- [PROBLEM]: Retype exactly what appears below from the line containing "Wisconsin Stands With Trump Cool Gift Mug" down to the line containing "Bag of 10 Float", keeping both end lines. Do not include pictures.

- [DATA SECTION]:
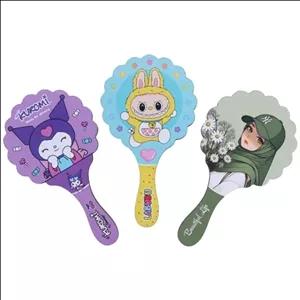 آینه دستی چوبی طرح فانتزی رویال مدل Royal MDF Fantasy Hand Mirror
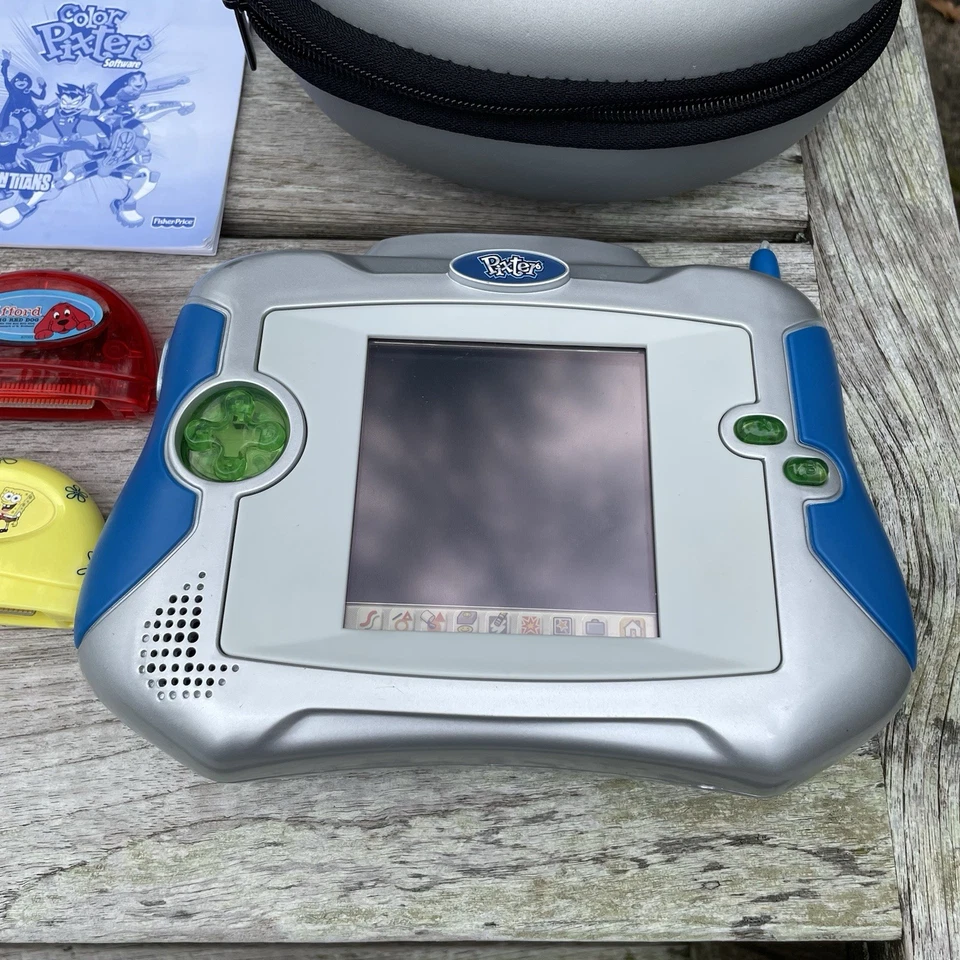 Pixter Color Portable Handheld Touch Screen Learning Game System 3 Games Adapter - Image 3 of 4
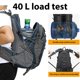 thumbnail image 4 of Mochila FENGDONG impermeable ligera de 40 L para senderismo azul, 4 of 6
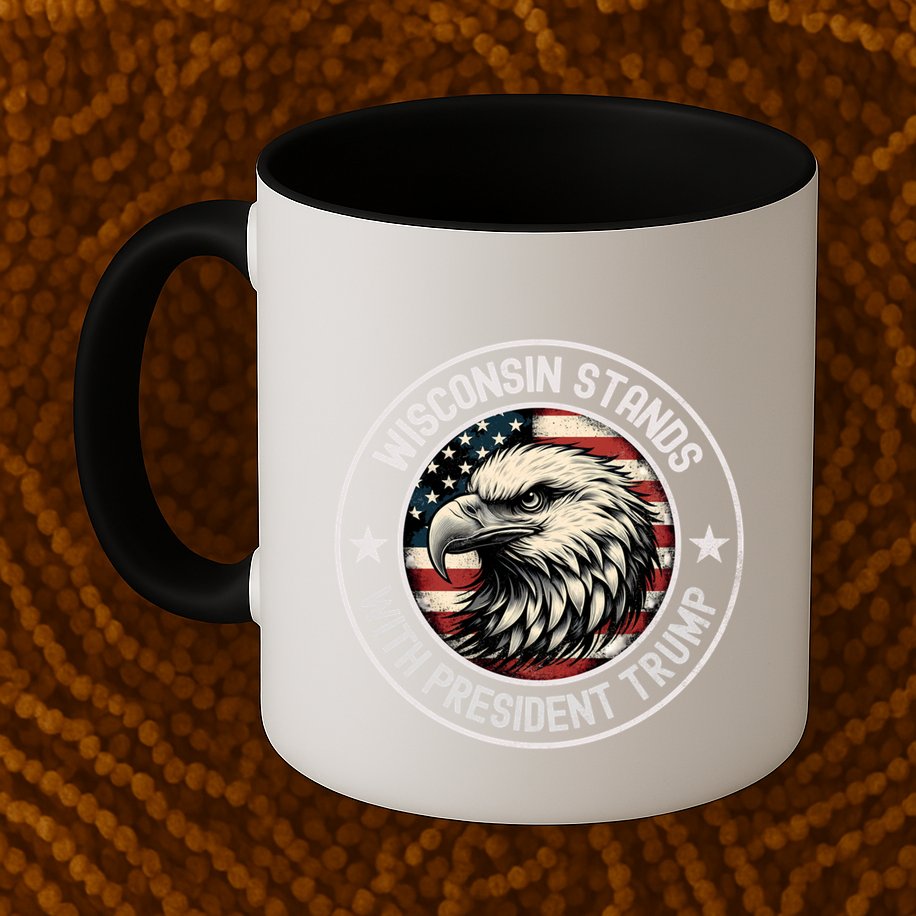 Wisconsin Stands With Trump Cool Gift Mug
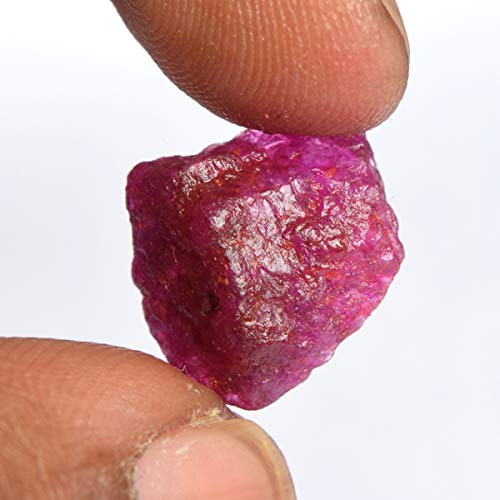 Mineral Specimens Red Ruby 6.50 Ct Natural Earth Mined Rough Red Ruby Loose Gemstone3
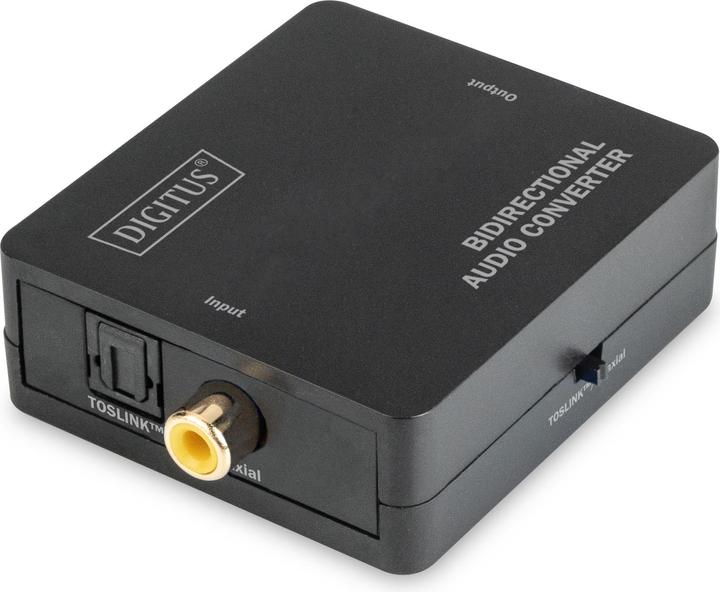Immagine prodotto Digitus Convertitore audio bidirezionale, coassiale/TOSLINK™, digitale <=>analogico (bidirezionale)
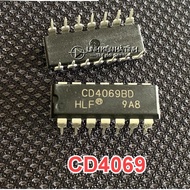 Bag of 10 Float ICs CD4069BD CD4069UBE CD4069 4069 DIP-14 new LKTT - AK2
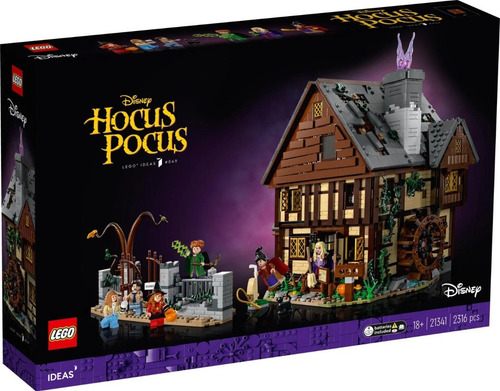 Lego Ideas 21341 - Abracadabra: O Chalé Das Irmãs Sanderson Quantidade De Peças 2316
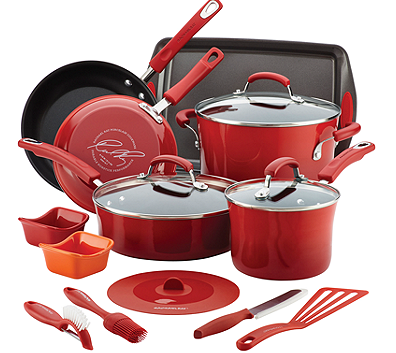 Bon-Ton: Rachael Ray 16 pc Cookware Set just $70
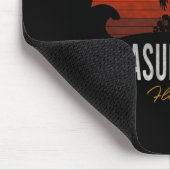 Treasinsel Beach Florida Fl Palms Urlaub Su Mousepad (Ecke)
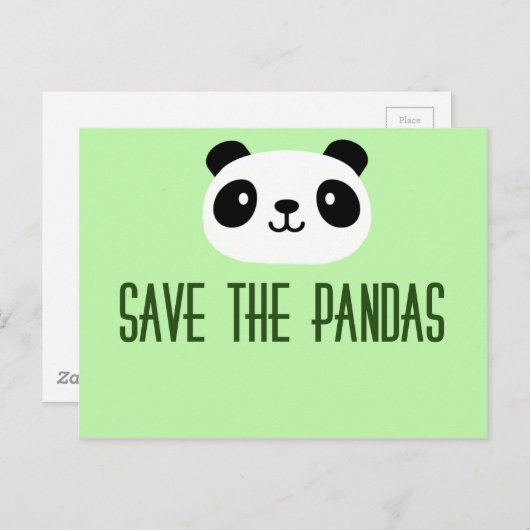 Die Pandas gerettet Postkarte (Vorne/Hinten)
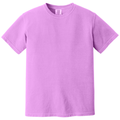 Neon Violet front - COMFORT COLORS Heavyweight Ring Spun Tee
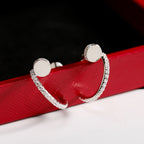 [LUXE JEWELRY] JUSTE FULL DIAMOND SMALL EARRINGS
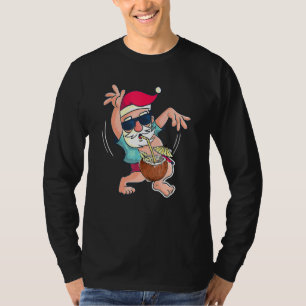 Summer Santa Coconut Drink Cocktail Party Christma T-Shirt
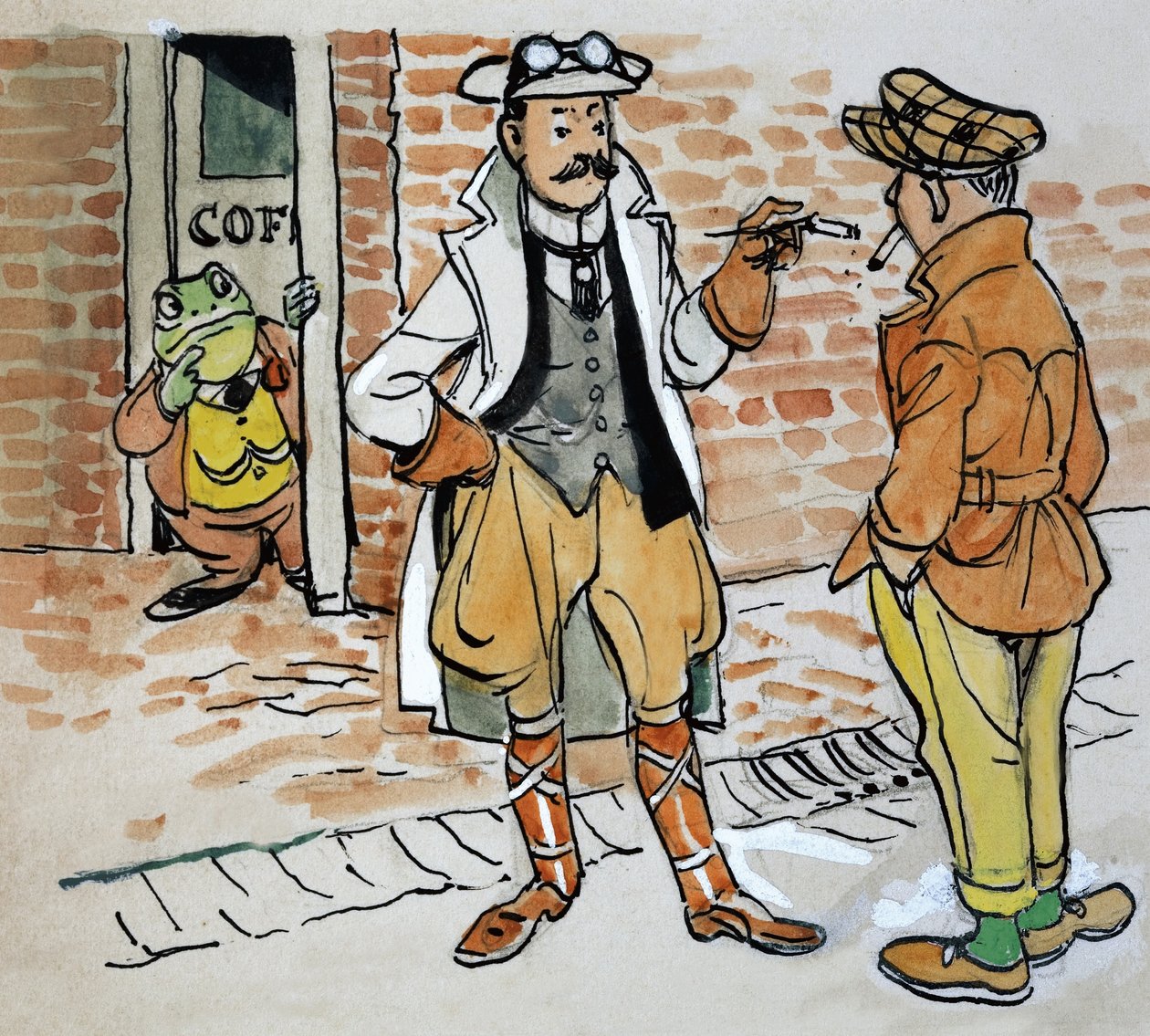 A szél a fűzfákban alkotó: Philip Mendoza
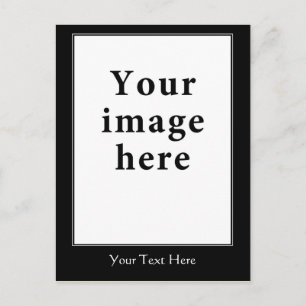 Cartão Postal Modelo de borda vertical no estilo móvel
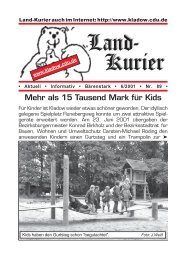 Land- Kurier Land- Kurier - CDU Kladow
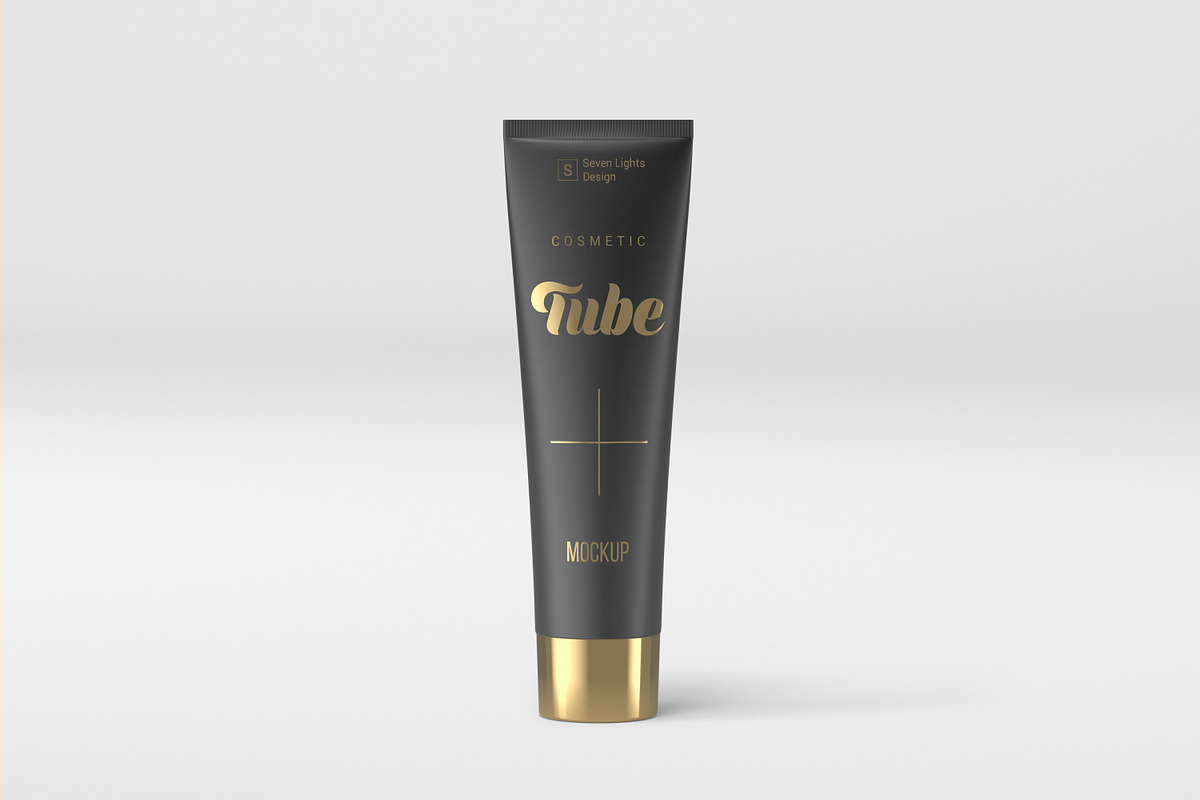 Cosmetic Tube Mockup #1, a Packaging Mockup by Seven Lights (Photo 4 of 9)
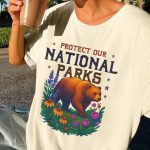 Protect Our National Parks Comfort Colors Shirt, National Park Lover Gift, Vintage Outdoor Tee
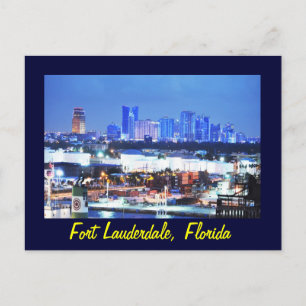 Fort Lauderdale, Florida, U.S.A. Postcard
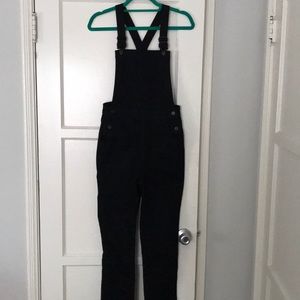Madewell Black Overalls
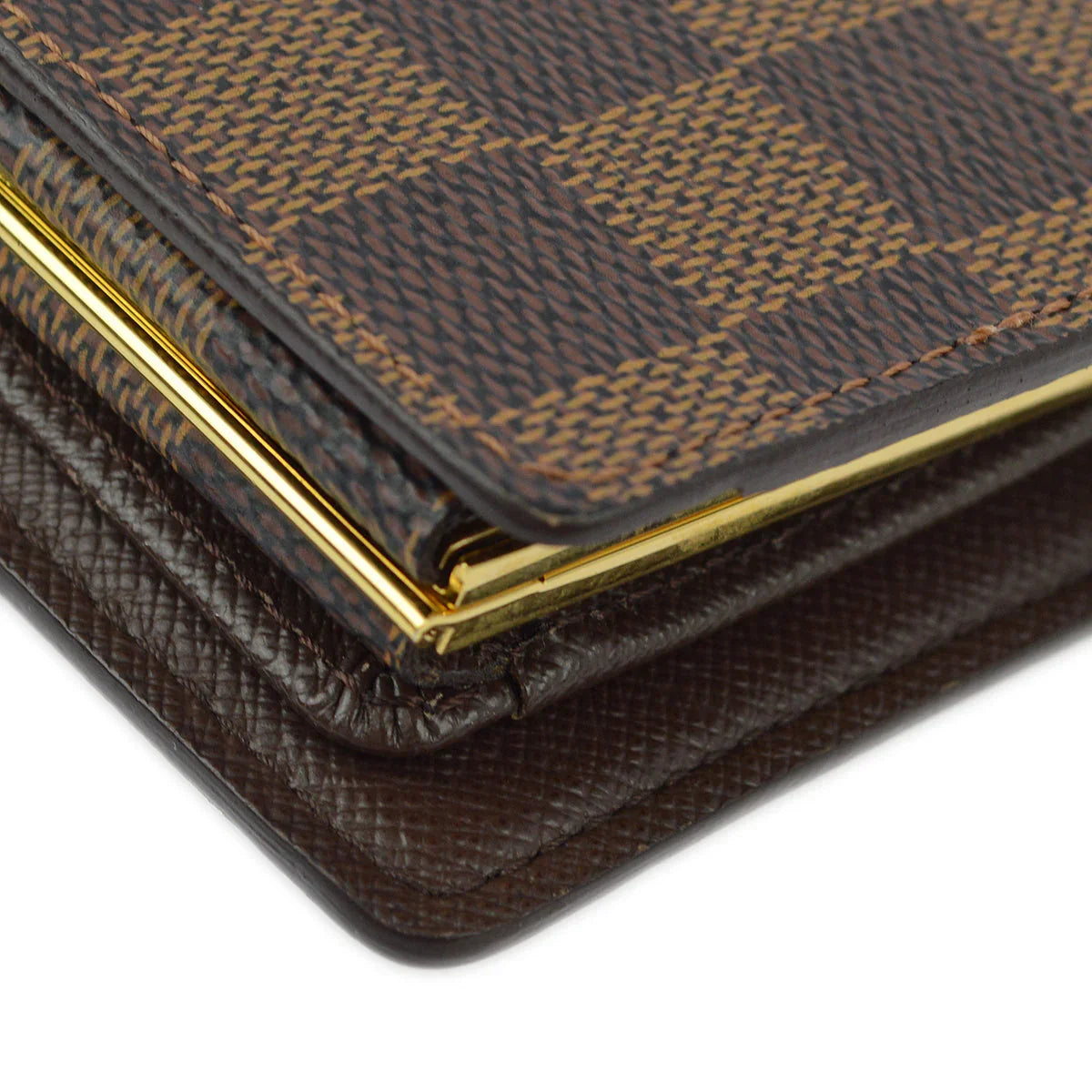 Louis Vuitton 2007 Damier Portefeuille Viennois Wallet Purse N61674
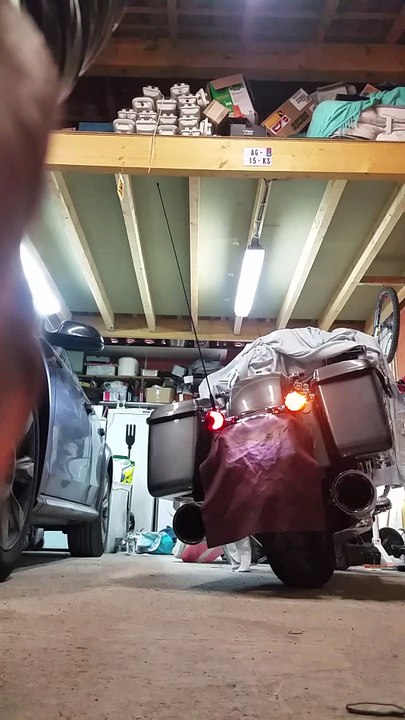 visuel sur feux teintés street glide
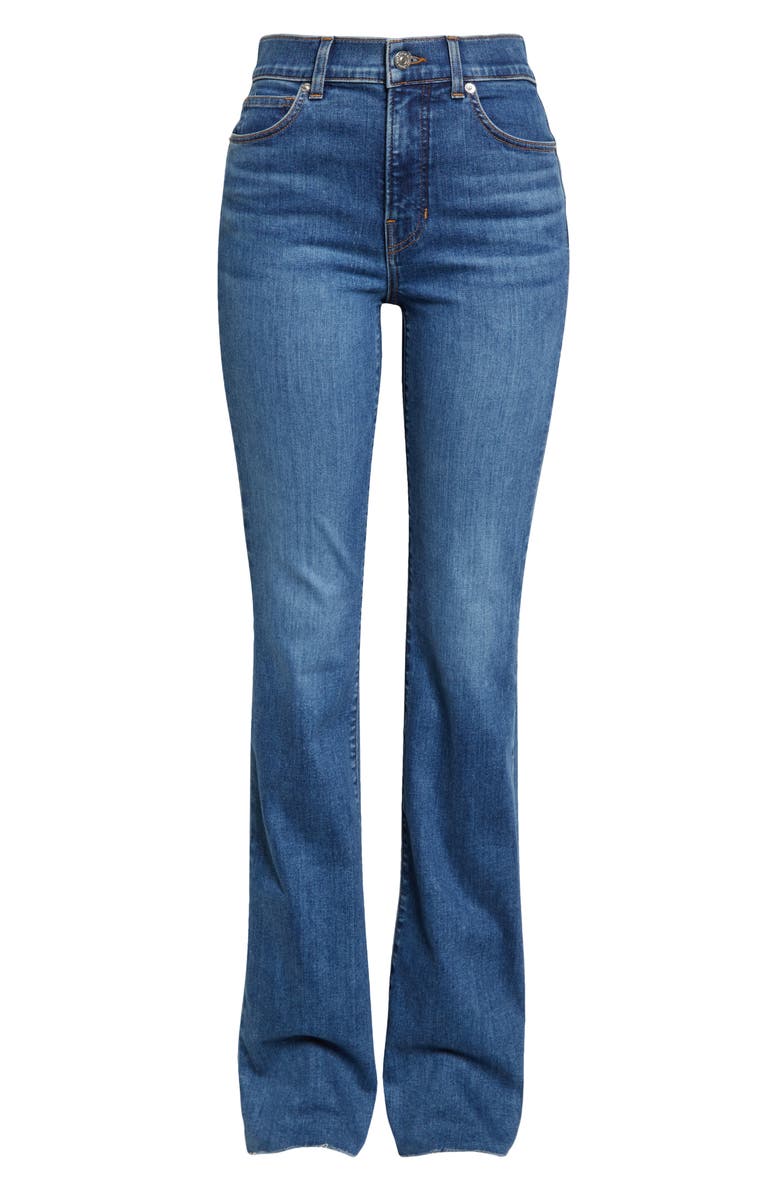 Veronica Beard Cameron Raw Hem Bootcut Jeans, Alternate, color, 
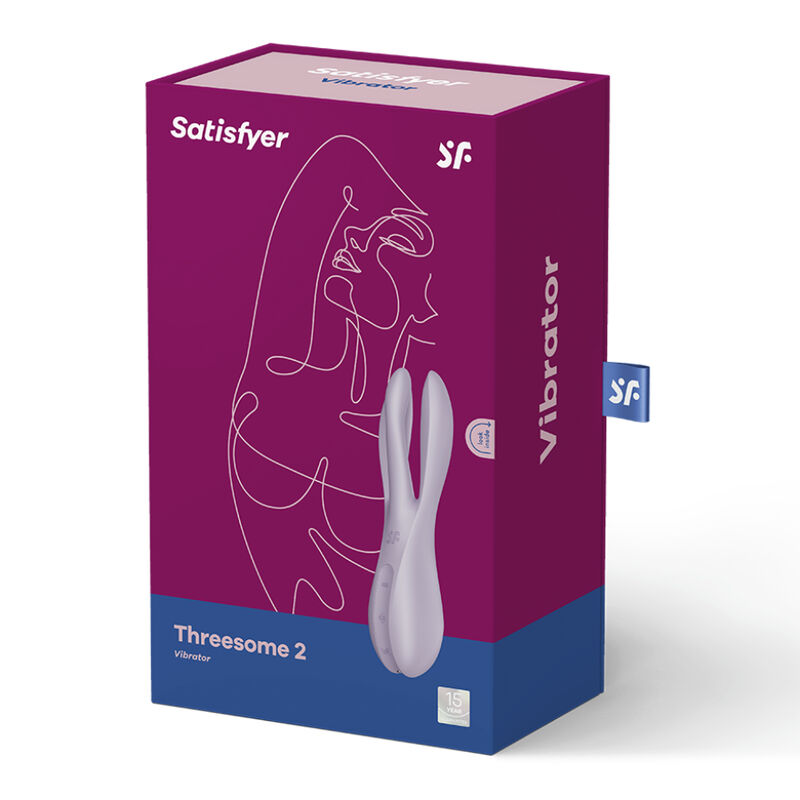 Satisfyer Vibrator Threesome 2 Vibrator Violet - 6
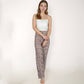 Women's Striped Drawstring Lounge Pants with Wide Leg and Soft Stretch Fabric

- [SOLUTION FOR THIS EXERCISE]:
 Wisconsin Stands With Trump Cool Gift Mug
 Mineral Specimens Red Ruby 6.50 Ct Natural Earth Mined Rough Red Ruby Loose Gemstone3
Immagine prodotto Digitus Convertitore audio bidirezionale, coassiale/TOSLINK™, digitale <=>analogico (bidirezionale)
 Bag of 10 Float ICs CD4069BD CD4069UBE CD4069 4069 DIP-14 new LKTT - AK2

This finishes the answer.